Str. 8: Ihn, ihn lass tun und walten, er ist ein weiser Fürst
und wird sich so verhalten, dass du dich wundern wirst.

Denn dann wird letztendlich Trauer und Leid in „Freudenpsalmen“ enden:
Str. 11: Wohl dir, du Kind der Treue, du hast und trägst davon
mit Ruhm und Dankgeschreie den Sieg und Ehrenkron;
Gott gibt dir selbst die Palmen in deine rechte Hand,
und du singst Freudenpsalmen dem, der dein Leid gewandt.

In der letzten Strophe bitten alle gemeinsam noch einmal um das Ende der Not für die Menschen:
Mach End, o Herr, mach Ende mit aller unsrer Not; …

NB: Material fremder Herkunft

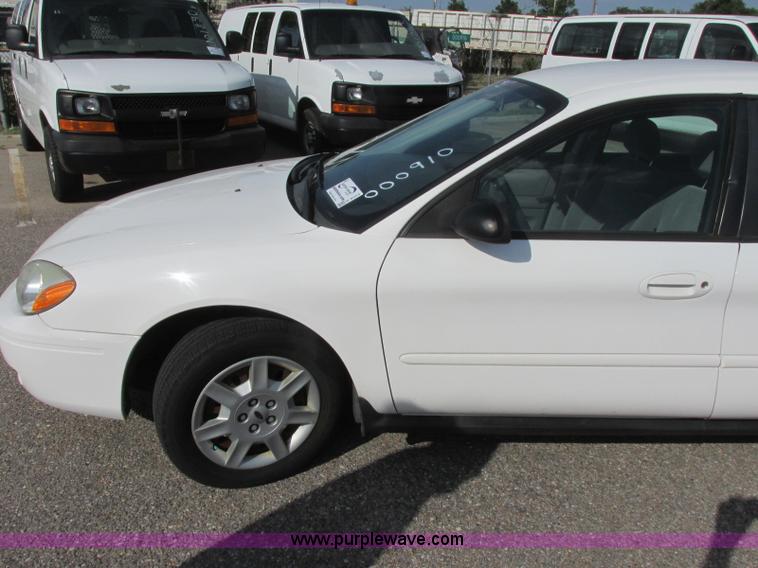 image for item K8554 2006 Ford Taurus SE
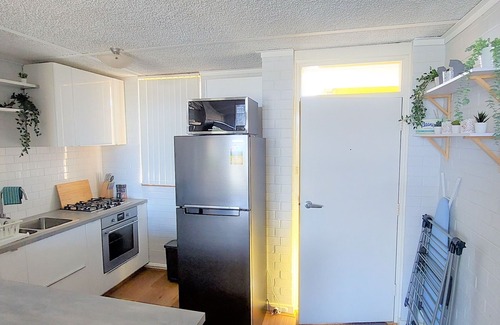 Fremantle Apartment | Sky High on Arundel Apartment - 4 minutes walk from the Fremantle Markets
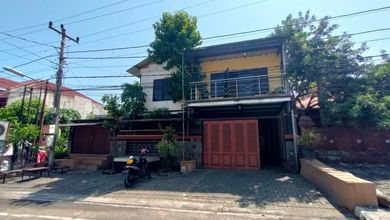 Hunian Mewah di Kalibanteng, Semarang, 9 Kamar Tidur, LT 416m²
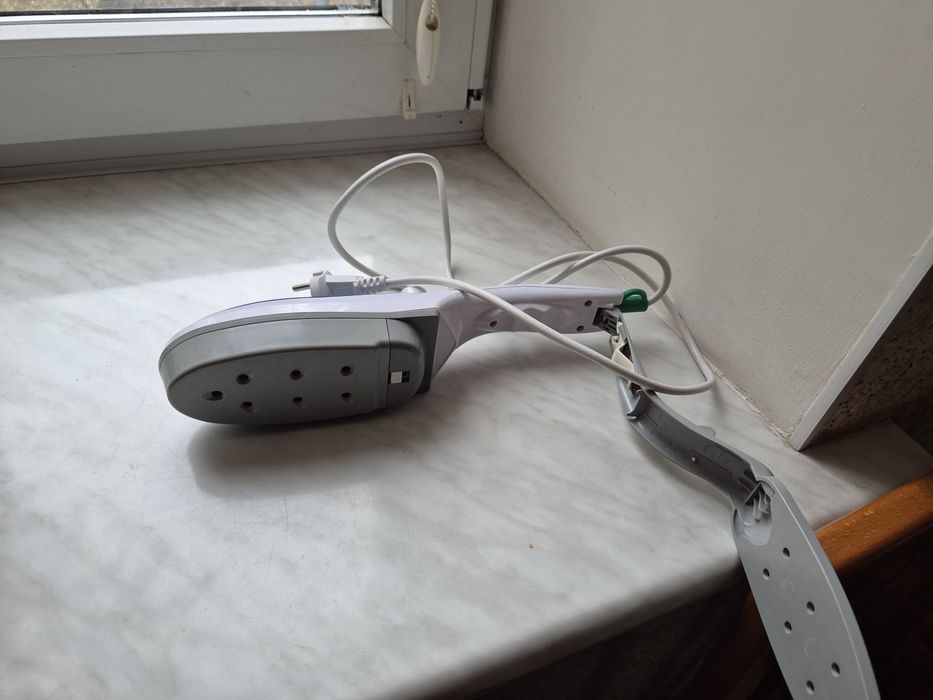 Ручний вертикальний відпарювач праска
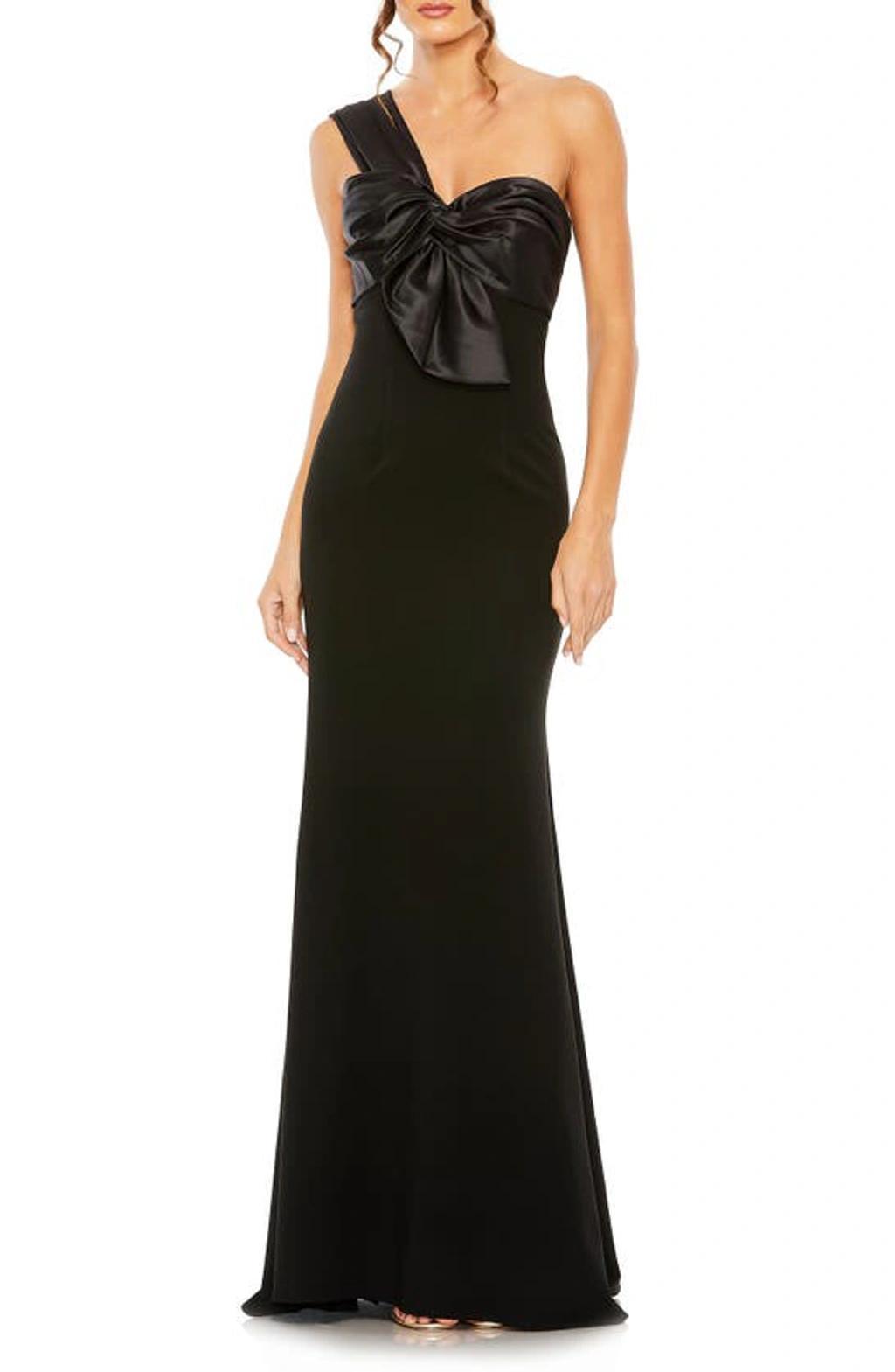 Womens Half-Bow Bodice Trumpet Gown Product Image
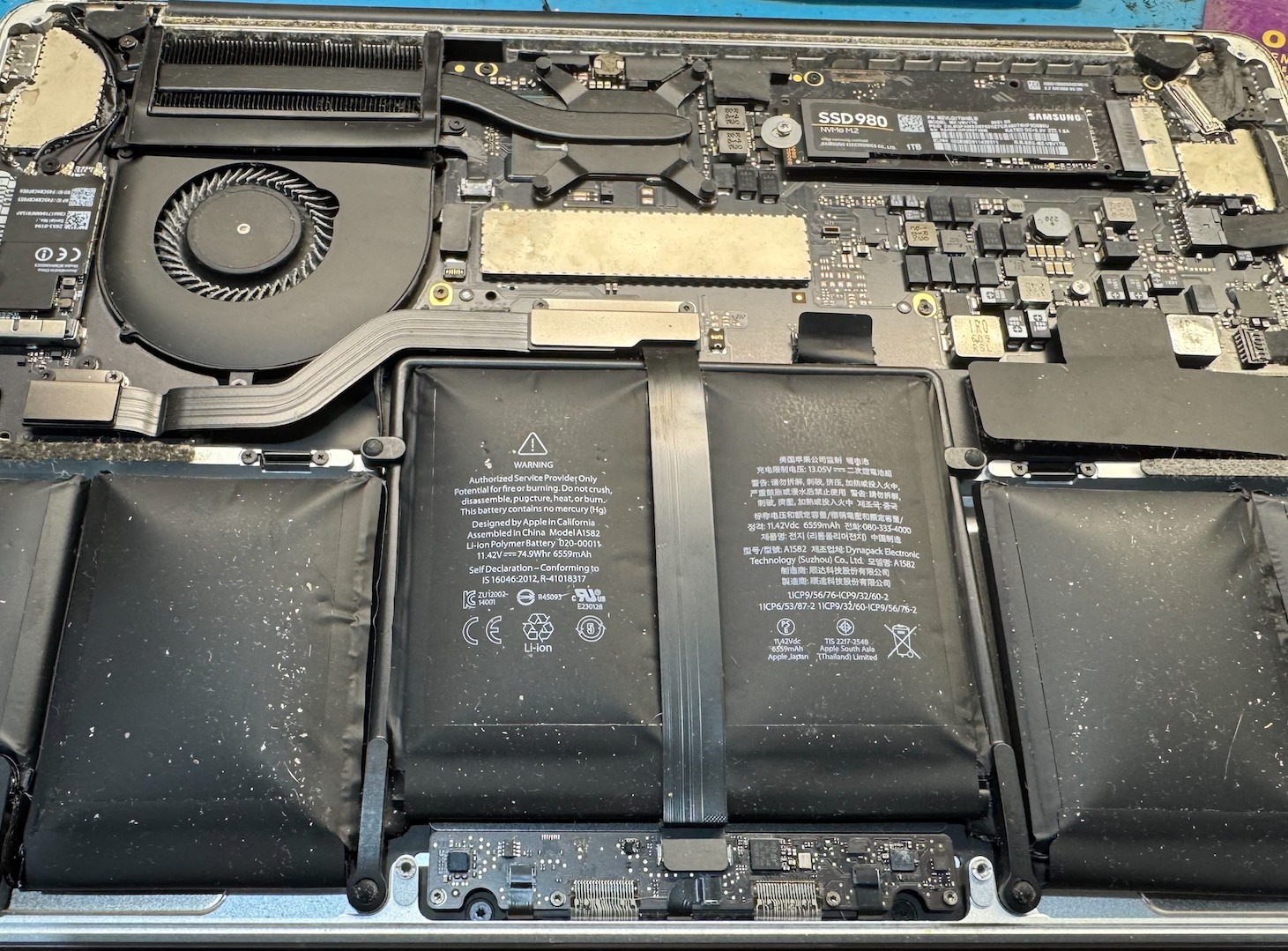 Wymiana baterii Macbook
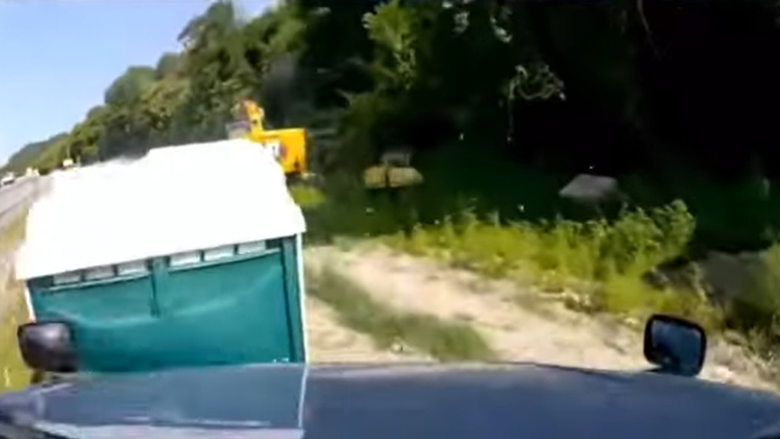 Shoferi tentoi të ndërrojë korsinë në mënyrë të pakujdesshme, kamionçina e tij “përfundon te kabina e banjës publike” pranë një rruge të Kalifornisë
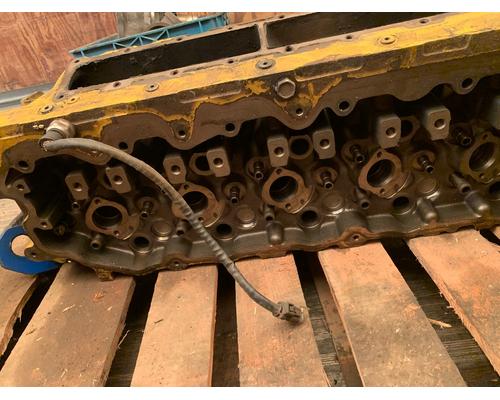 CAT C-7 Cylinder Head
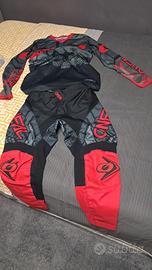 pantaloni e maglia da moto cross 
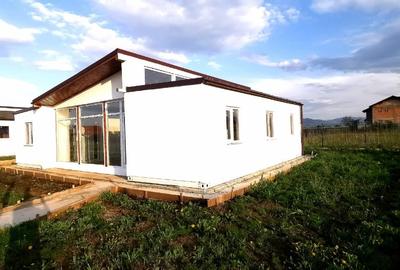 Casă individuală cu 3 camere în Hărman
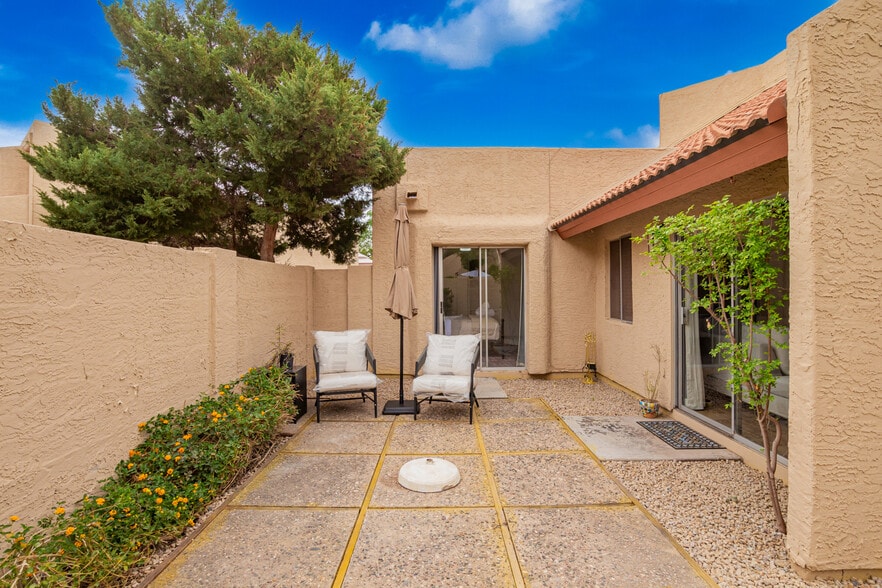 Building Photo - 4124 W Calavar Rd
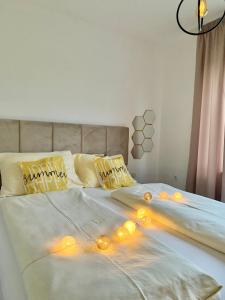 2 camas con luces en un dormitorio en Apartman Lana en Jajce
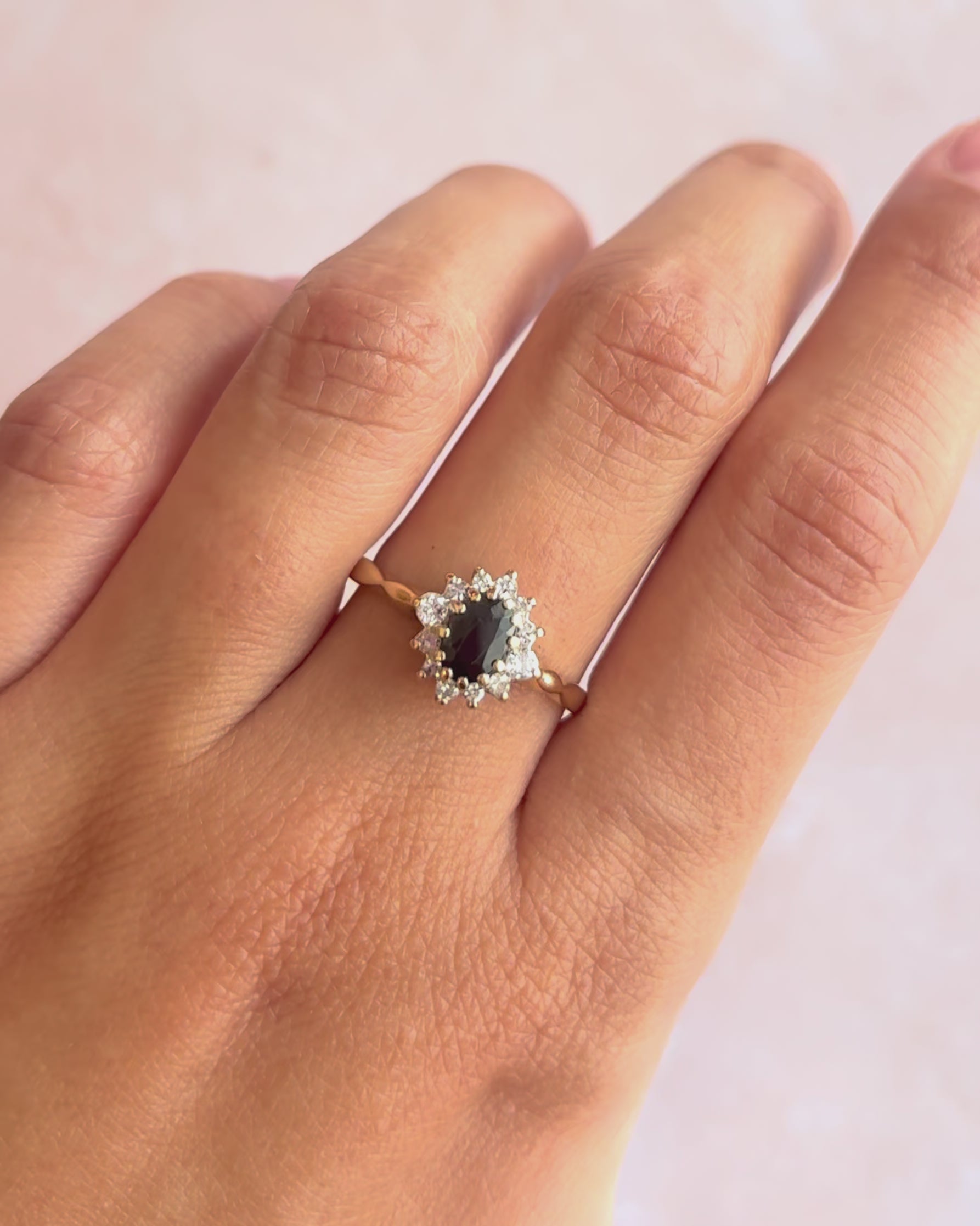 Anillo Marguerite Zafiro 0,70 quilates y diamantes "Huguette"
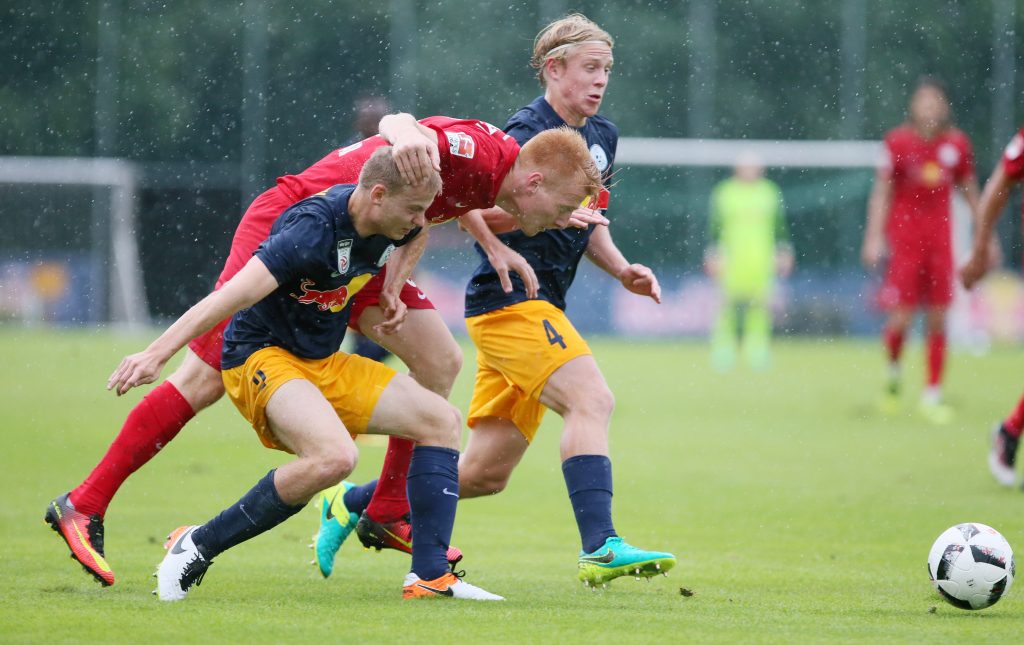 Gestrauchelt: RB Leipzigs Zsolt Kalmar gegen den FC Liefering (Gepa-Pictures/Roger Petzsche)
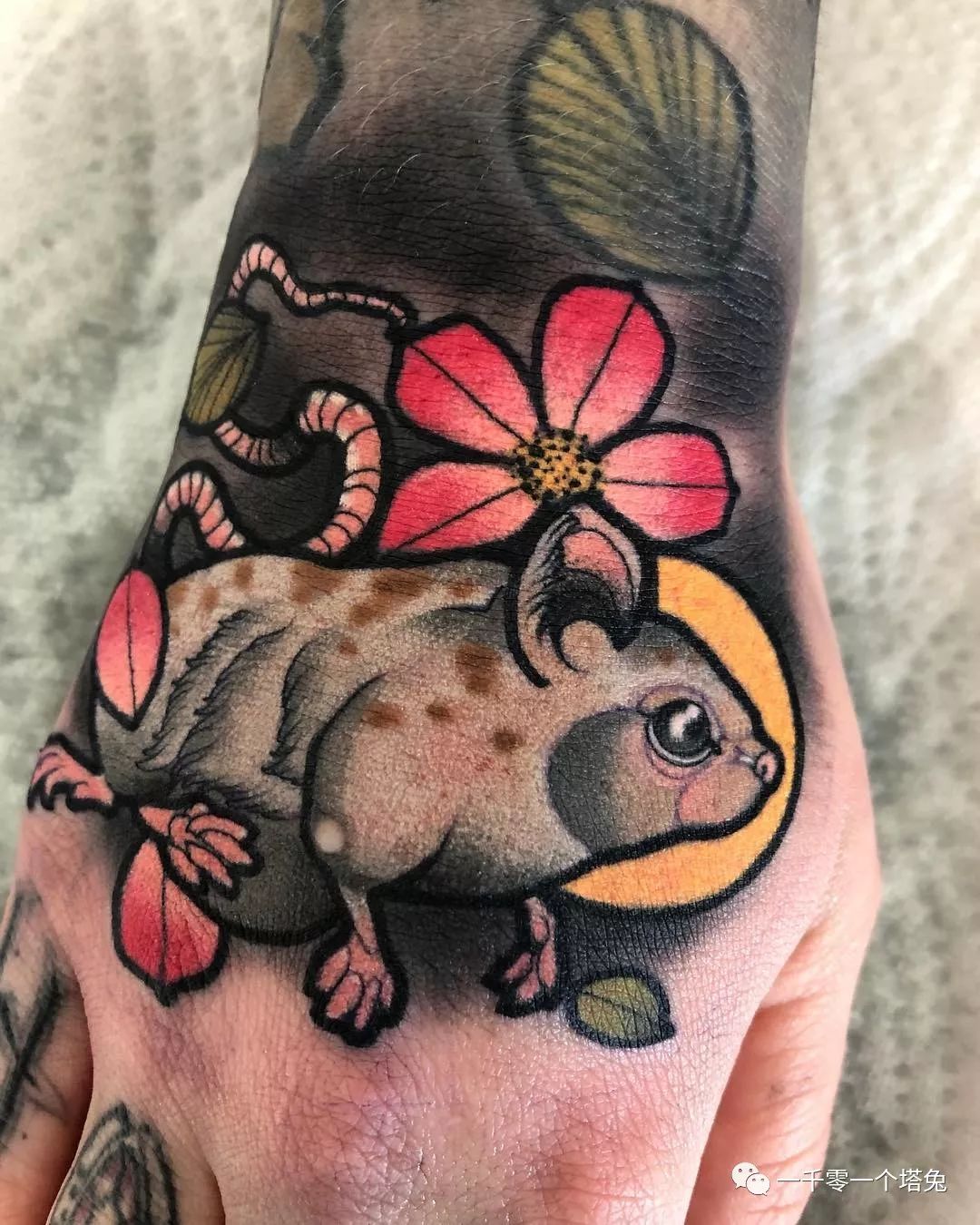 属鼠纹身会选择纹在哪个部位_达一风水网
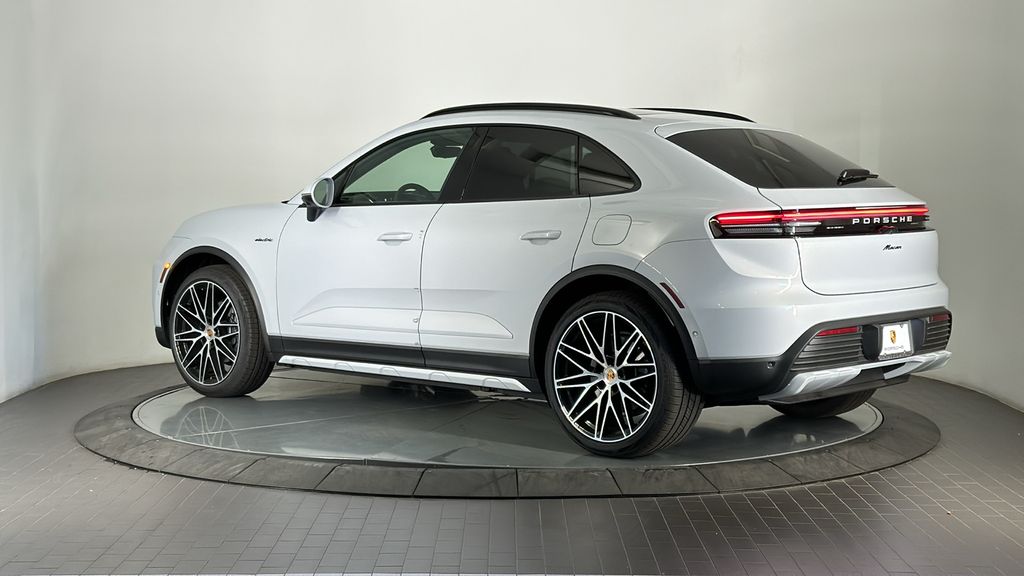 Thumbnail: 2025 Porsche Macan - 3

Und geben ihrer Gewissheit Ausdruck, ihren Lebensweg bei Gott zu beschließen:
… so gehen unsre Wege gewiss zum Himmel ein.

Diese Dichtung von Paul Gerhardt war und ist sehr bekannt, und in seiner Zeit traf sie wohl den Lebensnerv vieler Menschen. Die Melodie im EG von Bartholomäus Gesius ist nicht die einzige, auf die der Text gesungen wurde. So haben ihn unter anderem Felix Mendelssohn-Bartholdy, Georg Philipp Telemann, Hans Leo Hassler und Johann Christoph Altnikol (Schwiegersohn und Schüler von Johann Sebastian Bach) vertont. Im 20. Jahrhundert hat Helmut Degen eine Kantate mit diesem Text komponiert. Am bekanntesten allerdings ist sicher Bachs Vertonung der ersten Strophe in der Matthäuspassion.

Austausch: Wie geht es mir mit dem Text dieses Liedes? Können mich diese Worte trösten? Sind sie vertraut oder eher fremd? Welche Melodie kenne ich dazu? Ist mir eine besonders vertraut?

Gebet:
Ach, berge meine Tränen in deiner
Liebe, Gott,
und puste alle Schmerzen mit sanftem Atem fort.

Wenn ich mich nicht mehr spüre und keinen Weg mehr weiß,
sei du die frische Brise in tauber Dunkelheit.

Sei du mein Band zum Leben, mein Schutz und Ruhehalt,
ach ströme deinen Segen in Angst und Einsamkeit.

Carola Moosbach, aus: Lobet die Eine. Schweige- und Schreigebete, Mainz (Grünewald) 2000, © bei der Autorin; Melodie: EG 347; als Lied auch in: Frauen loben Gott, Nr. 54

Vaterunser

Segen:
Möge der Gott Abrahams, Saras und Hagars dich trösten wie eine Mutter und dir den Mut geben zu klagen.
Möge Jesus, unser Bruder, dir den Weg zeigen, damit du hoffen, vertrauen und loben kannst.
Möge die Heilige Geistkraft dich umwehen und dich auf deinem Weg stärken.
Amen

Lied:
Ich sing dir mein Lied (Lebensweisen 48) oder Ich lobe meinen Gott (EG 272)

Susanne Jonda, geb. 1959, hat Kirchenmusik studiert und den ersten Durchgang des Fern­studiums Feministische Theologie im Frauenwerk der Ev.-luth. Landeskirche Hannovers absolviert. Sie arbeitet an der Musikschule des Landkreises Verden/Aller und leitet verschiedene Chöre, u.a. den Frauenchor „Herztöne“ des Sprengels Stade, in dem sie auch als ehrenamtliche Sprengelbeauftragte tätig ist.